=== WORKING DATA ===
+ + +
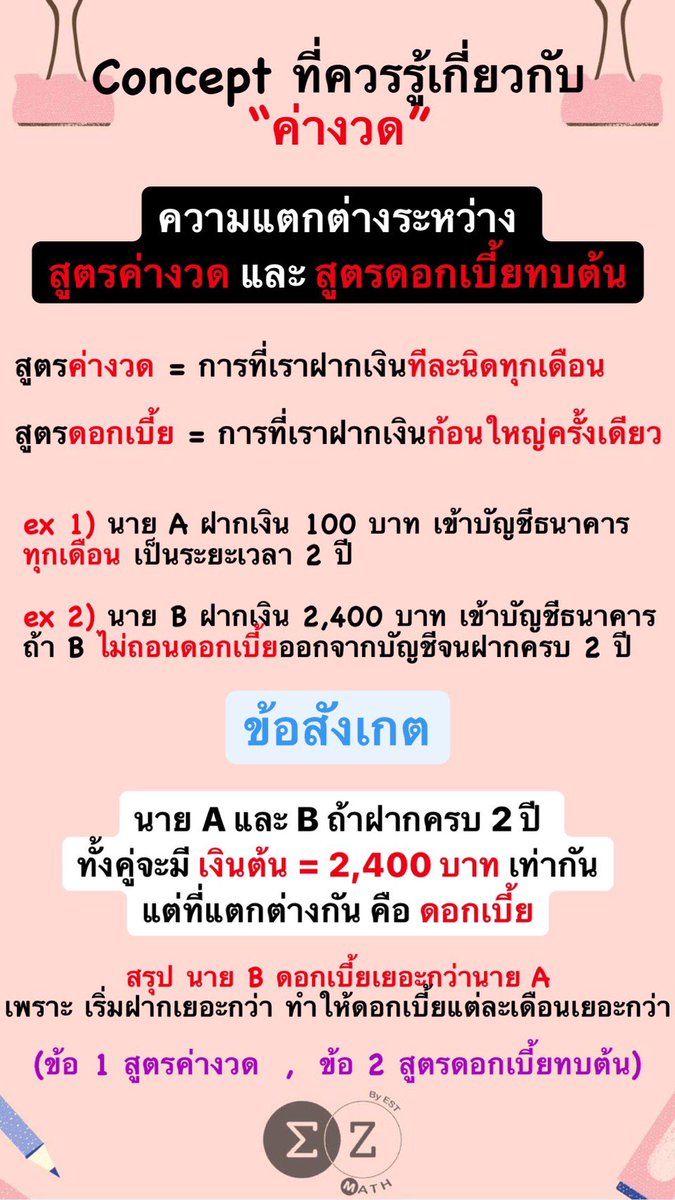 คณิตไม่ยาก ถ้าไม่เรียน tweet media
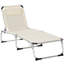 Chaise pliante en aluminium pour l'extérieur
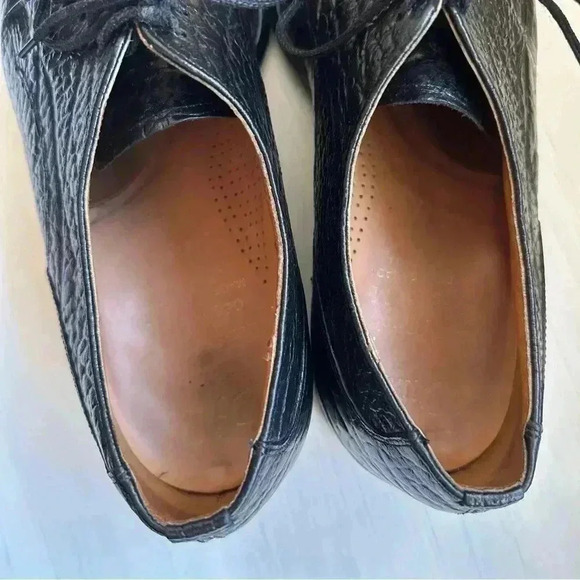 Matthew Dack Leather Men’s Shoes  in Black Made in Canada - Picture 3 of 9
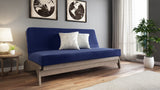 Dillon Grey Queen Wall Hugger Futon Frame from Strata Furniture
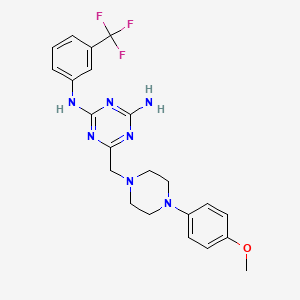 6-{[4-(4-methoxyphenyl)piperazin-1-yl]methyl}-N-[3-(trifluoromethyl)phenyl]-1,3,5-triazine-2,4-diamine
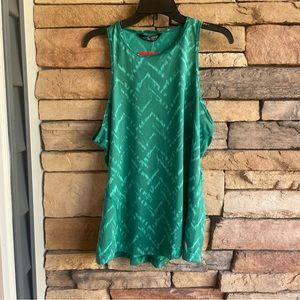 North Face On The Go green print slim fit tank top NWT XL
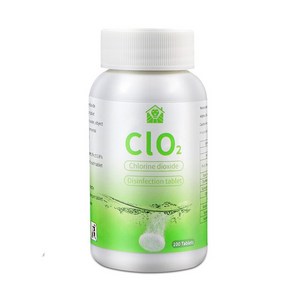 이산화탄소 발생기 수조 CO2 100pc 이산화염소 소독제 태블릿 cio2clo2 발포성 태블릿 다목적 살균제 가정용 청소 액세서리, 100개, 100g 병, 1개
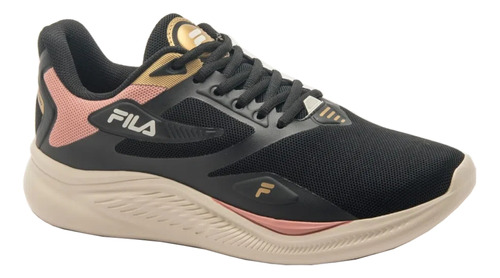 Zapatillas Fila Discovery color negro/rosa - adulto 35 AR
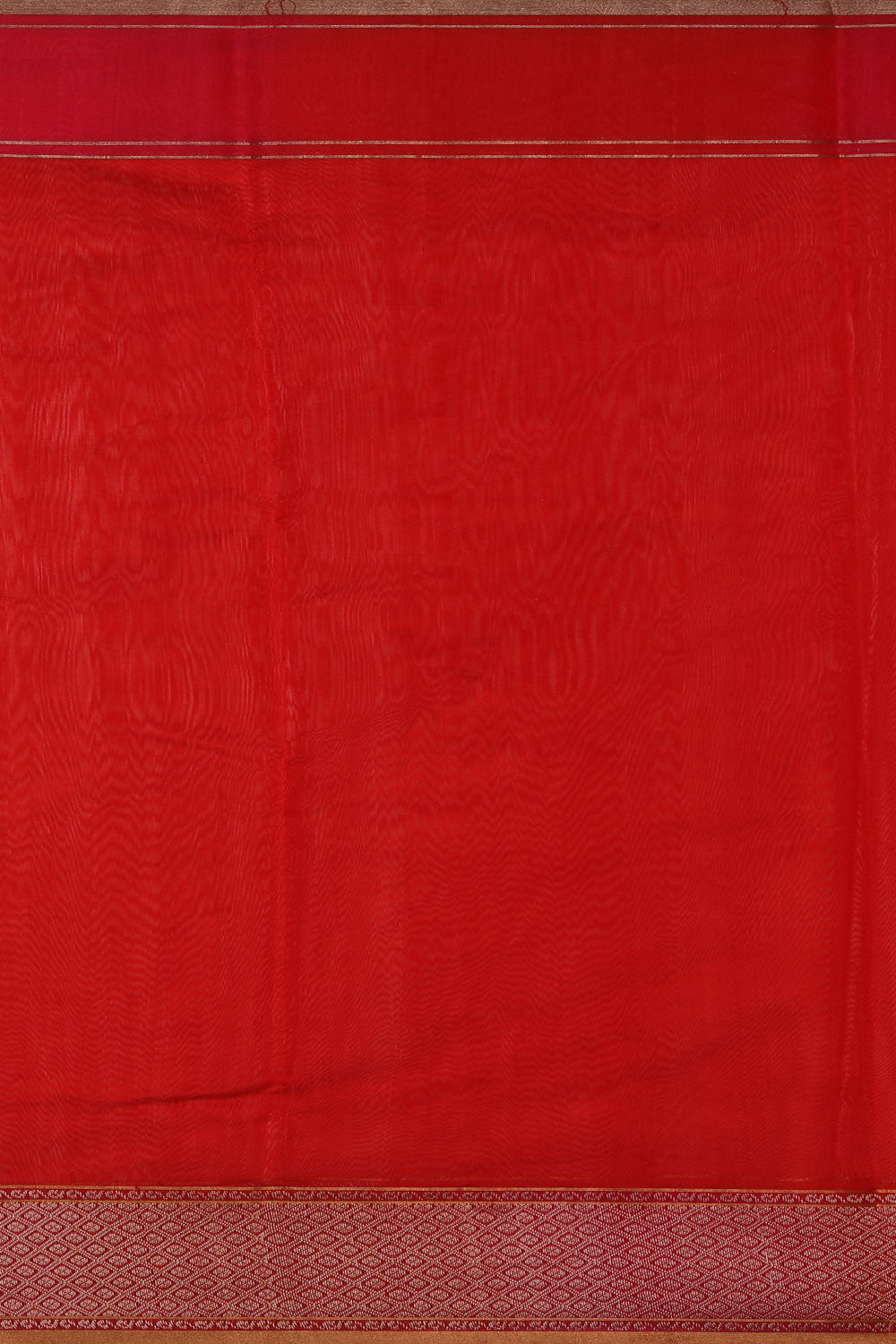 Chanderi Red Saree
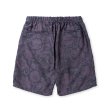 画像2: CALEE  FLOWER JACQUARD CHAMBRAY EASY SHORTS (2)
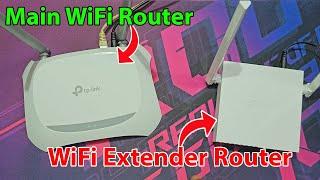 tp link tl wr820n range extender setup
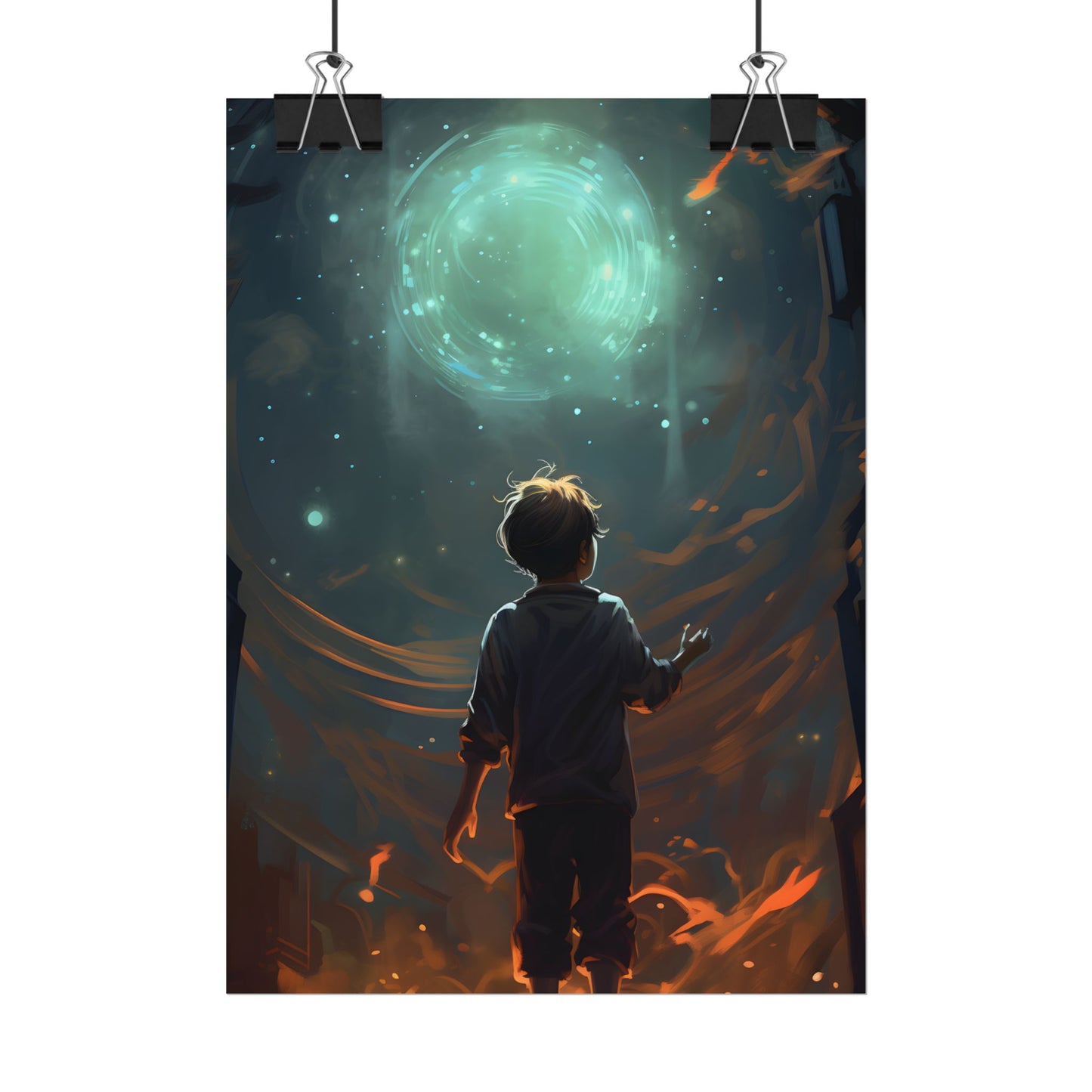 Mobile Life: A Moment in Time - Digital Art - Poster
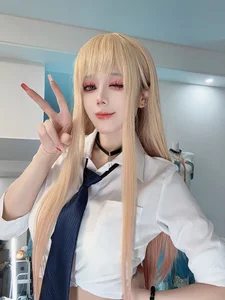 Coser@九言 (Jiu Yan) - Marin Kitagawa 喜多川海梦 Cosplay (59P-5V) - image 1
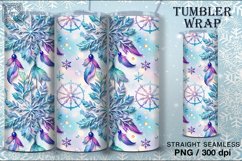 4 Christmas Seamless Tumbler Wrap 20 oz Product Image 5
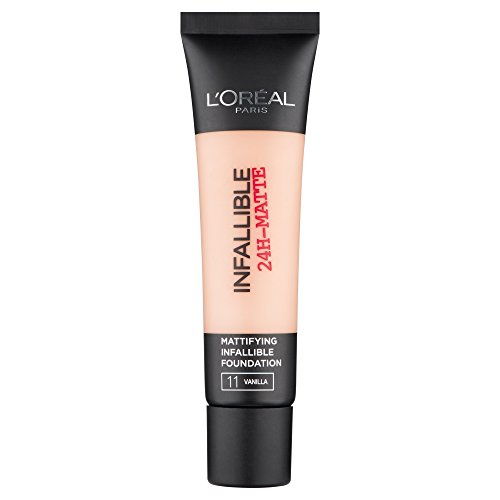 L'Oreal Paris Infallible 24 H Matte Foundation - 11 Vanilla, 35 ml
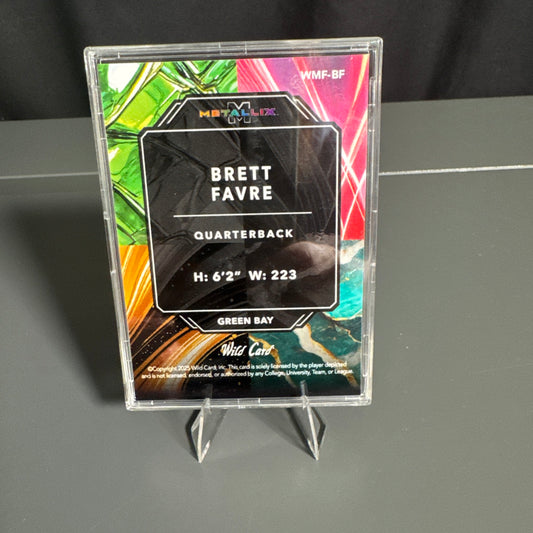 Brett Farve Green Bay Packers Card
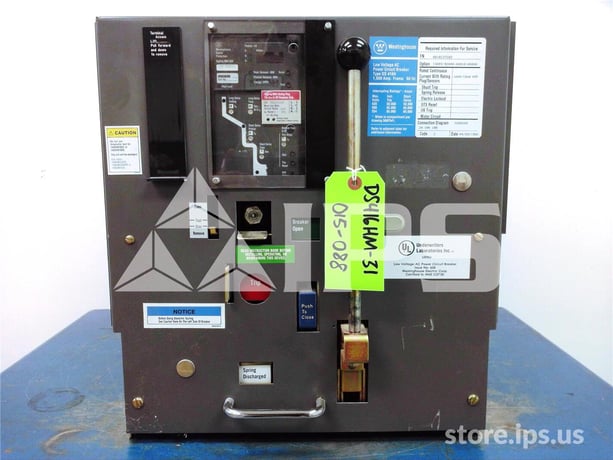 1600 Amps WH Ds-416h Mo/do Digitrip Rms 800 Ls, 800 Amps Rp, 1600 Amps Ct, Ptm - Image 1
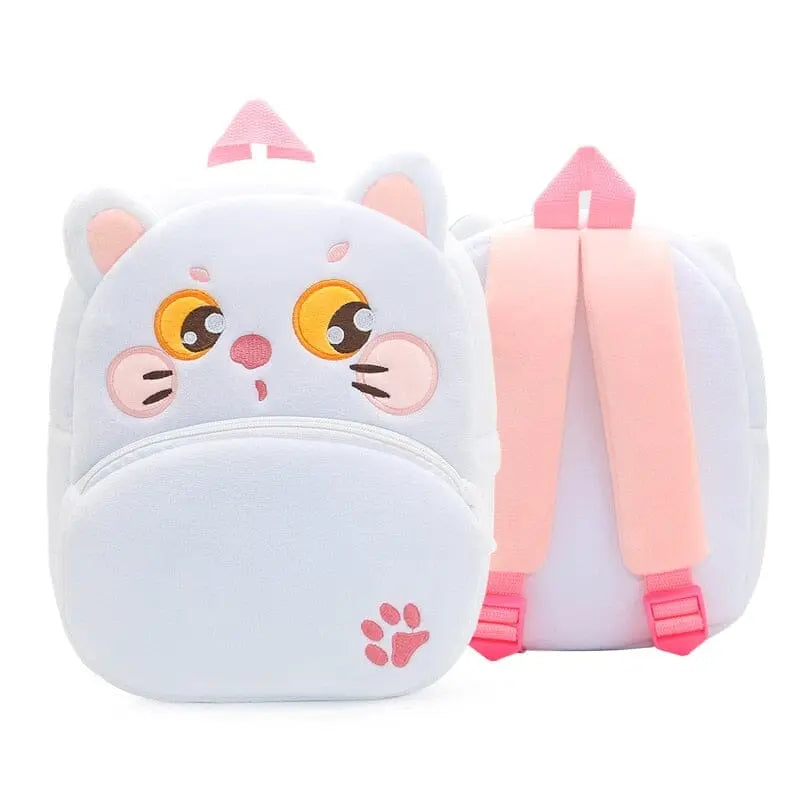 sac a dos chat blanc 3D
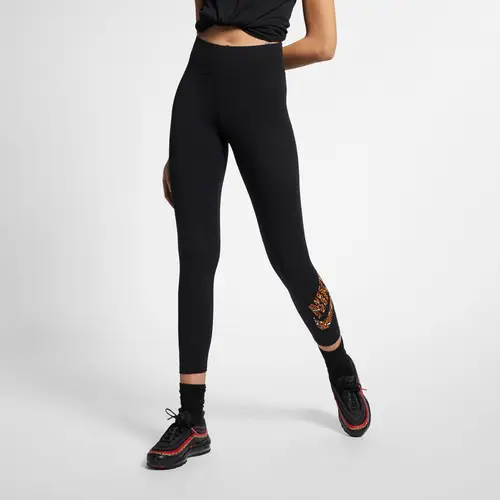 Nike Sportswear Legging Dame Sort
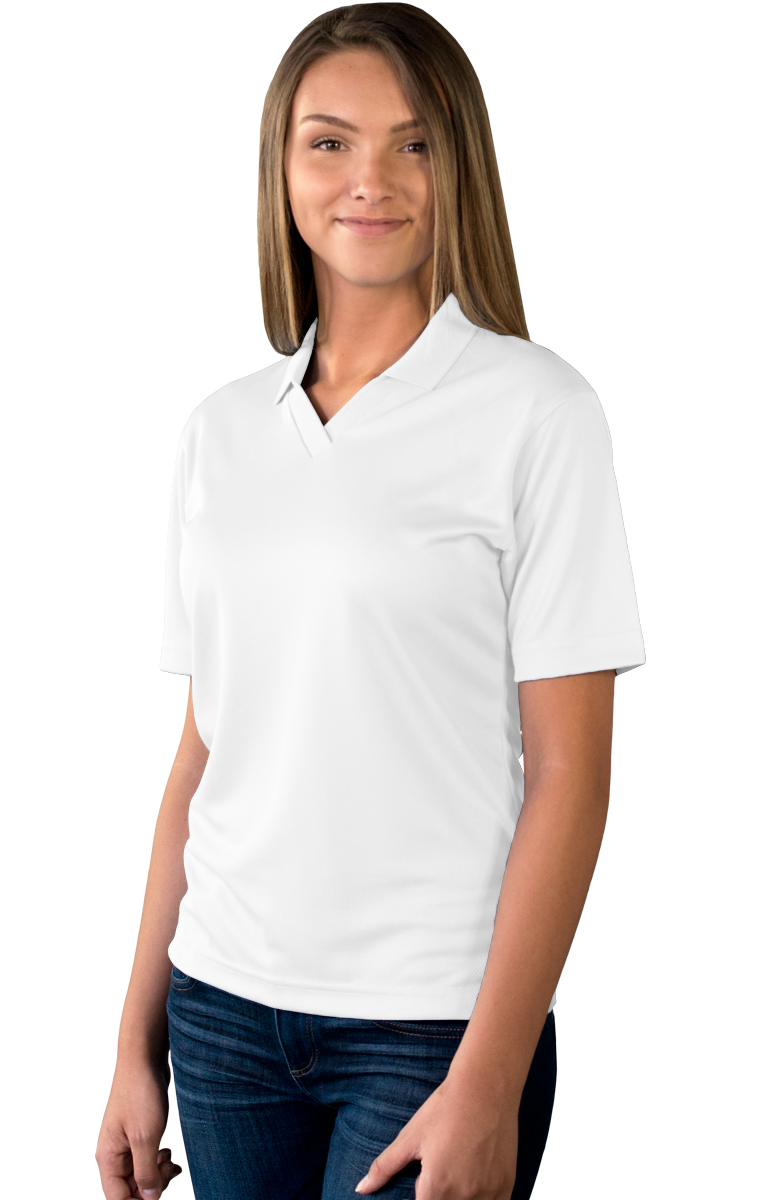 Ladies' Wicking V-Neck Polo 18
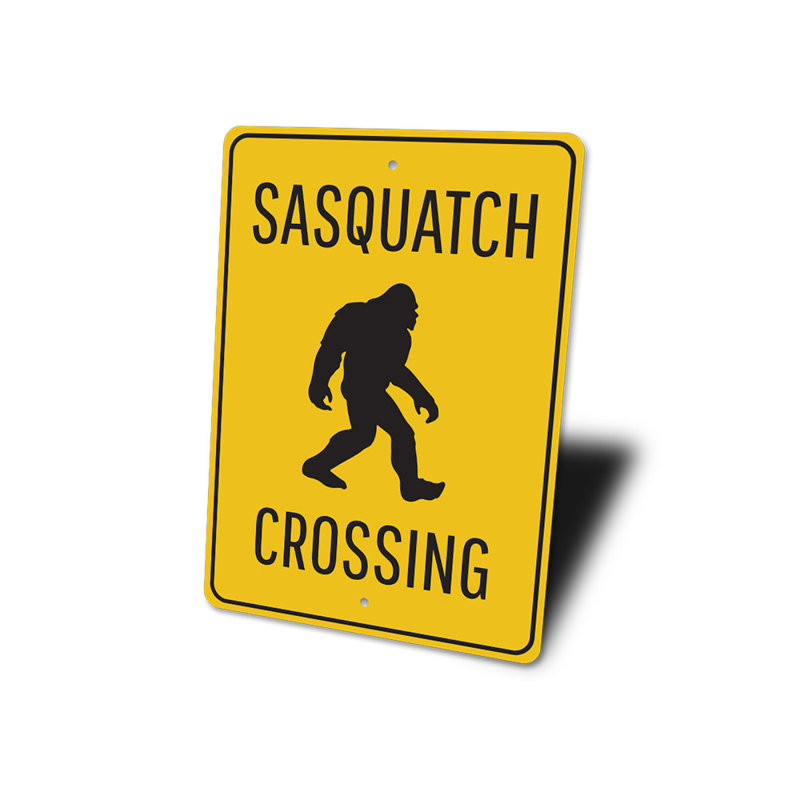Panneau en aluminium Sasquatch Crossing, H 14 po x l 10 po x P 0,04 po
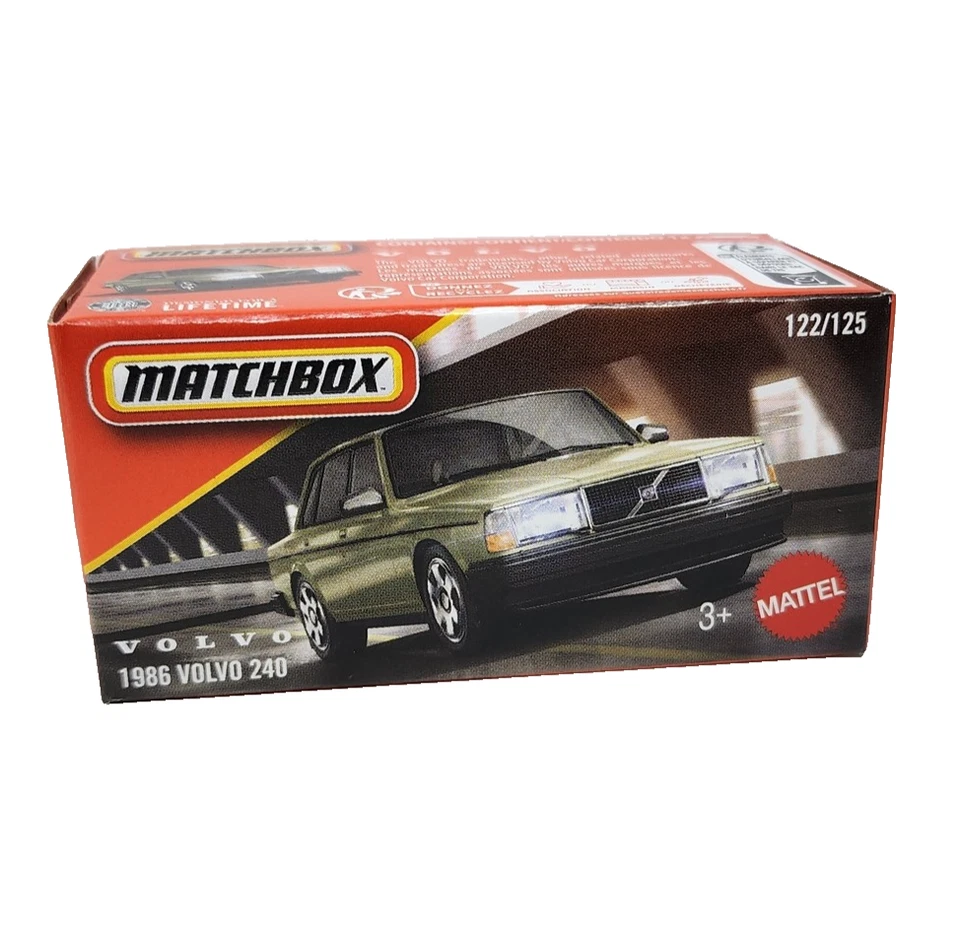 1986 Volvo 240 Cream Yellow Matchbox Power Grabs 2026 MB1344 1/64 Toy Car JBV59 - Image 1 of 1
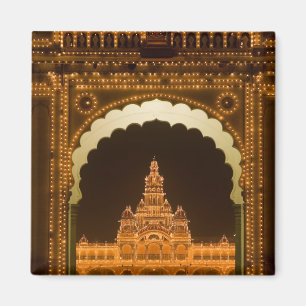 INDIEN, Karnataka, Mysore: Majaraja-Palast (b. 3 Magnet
+ + +
=== PROBLEM TO WORK ON ===
Up to and including the line containing "North Face On", quote each line of the entries above from the very first, please, exactly and without images.

=== SOLVED EXERCISE ===
 คณิตไม่ยาก ถ้าไม่เรียน tweet media
 Chaise pliante en aluminium pour l'extérieur
 Matthew Dack Leather Men’s Shoes  in Black Made in Canada - Picture 3 of 9
 Dillon Grey Queen Wall Hugger Futon Frame from Strata Furniture
 6-{[4-(4-methoxyphenyl)piperazin-1-yl]methyl}-N-[3-(trifluoromethyl)phenyl]-1,3,5-triazine-2,4-diamine
 North Face On The Go green print slim fit tank top NWT XL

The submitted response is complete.